My best friend has been in a relationship for the last two years. She has low self-esteem and this guy is no good, controlling and manipulative. I'm not the only friend who has told her that.

Since she has been with him it seems the only time she contacts me anymore is when they're fighting. So after this last fight, a little over a week ago, she said it was the biggest fight they ever had and she was sure it was over. She told me he was a complete "A". So anyway in the end she ends up making excuses why it's her fault and not his, blah, blah.

While all this was going on with her I had my own issues. My mother was ill and we live 3000 miles apart. Also, my mom was very worried about my sister who was in a bad relationship; my mom was begging me to try and talk sense into her.

Now I never mentioned any of this to my friend; I just didn't think she was in an emotional state to deal with my problems due to the drama she was having in her own life. Since my sister is a MySpace friend, I posted some blogs about bad relationships. My friend got all freaked out, assuming they were about her and her boyfriend, and was worried about what he might think or say.

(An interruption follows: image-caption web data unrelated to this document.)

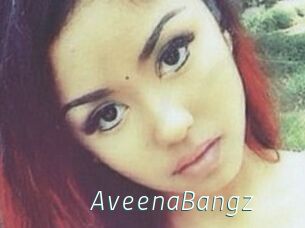 AveenaBangz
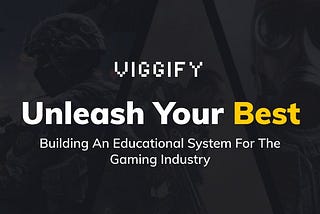 The revolution in the field of eSports within the SEA region is here with Viggify!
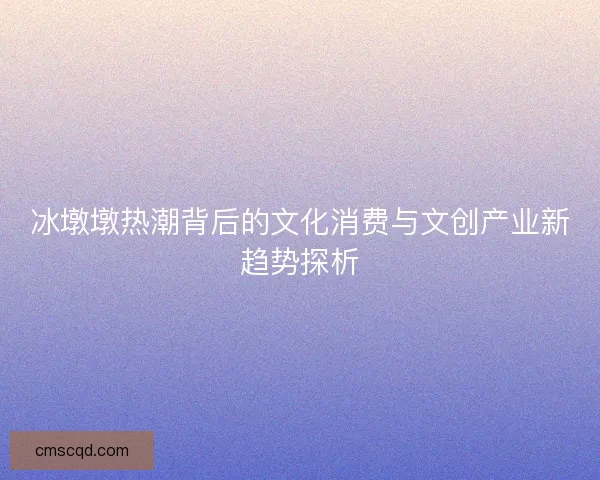 冰墩墩热潮背后的文化消费与文创产业新趋势探析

To be fair, she knows I think her boyfriend is not giving back what she puts into the relationship. So I told her that I understood why she might think that the blog posts were about her, but they weren't, and explained what I had going on and that I wasn't going to filter something based on her fear of her boyfriend's reaction.

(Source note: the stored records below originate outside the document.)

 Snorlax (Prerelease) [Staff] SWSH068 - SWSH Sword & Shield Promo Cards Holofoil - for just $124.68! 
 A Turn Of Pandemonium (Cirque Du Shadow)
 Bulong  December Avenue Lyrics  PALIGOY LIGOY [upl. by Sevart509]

Never did she say, "I am sorry, I didn't know" or "How are you doing? NOTHING. No concern about me, or what was going on in my life. Since I have not spoken to her. I don't now if I should tell her how she hurt me by being selfish and that she was not a good friend to me? Or do I let it go, say nothing and wait and see if she contacts me? I am just not sure how to handle this, I feel like I have been used over the past two years.

Signed,
Marley

ANSWER

Dear Marley,

Your friend is involved in a destructive, controlling relationship with her boyfriend and, unfortunately, isn't ready to leave him. Even though you and other friends have given her honest feedback and have tried to be supportive, it hasn't helped. It's not a good sign that she's still making excuses for him.

You're used to the drill: Whenever they have a conflict, she expects you to be there for her. After they patch things up, she ricochets back to him. Her boyfriend may be so possessive that he makes it uncomfortable for her to be with female friends.

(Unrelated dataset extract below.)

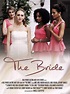 The Bride (2013) - Rotten Tomatoes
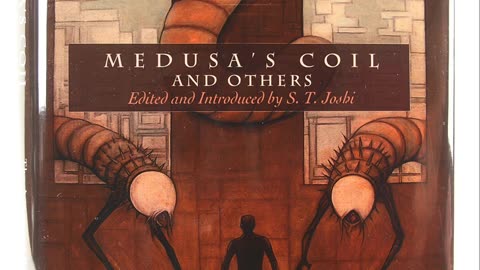 Medusa's coil by Zealia B. Bishop and H. P. Lovecraft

Her response to your MySpace posts was over-the-top, but she may have felt guilty (after seeing herself in these posts) or fearful (that her boyfriend would see what you had written). However, if you never mentioned your family problems to your friend, you can hardly fault her for not being responsive. By the time you did, she may have been too distressed about her own situation to be responsive to yours.

The big problem for you, as I see it, is that you feel like you've have been at the short end of the stick for two years and, frankly, I can't see things changing as long as your friend is involved with this guy.

You have two choices now. Your friend really needs a good friend. If you value the friendship, you can approach her honestly, let her know your feelings about her and her boyfriend, lower your expectations, and hope that she'll figure a way out of this relationship.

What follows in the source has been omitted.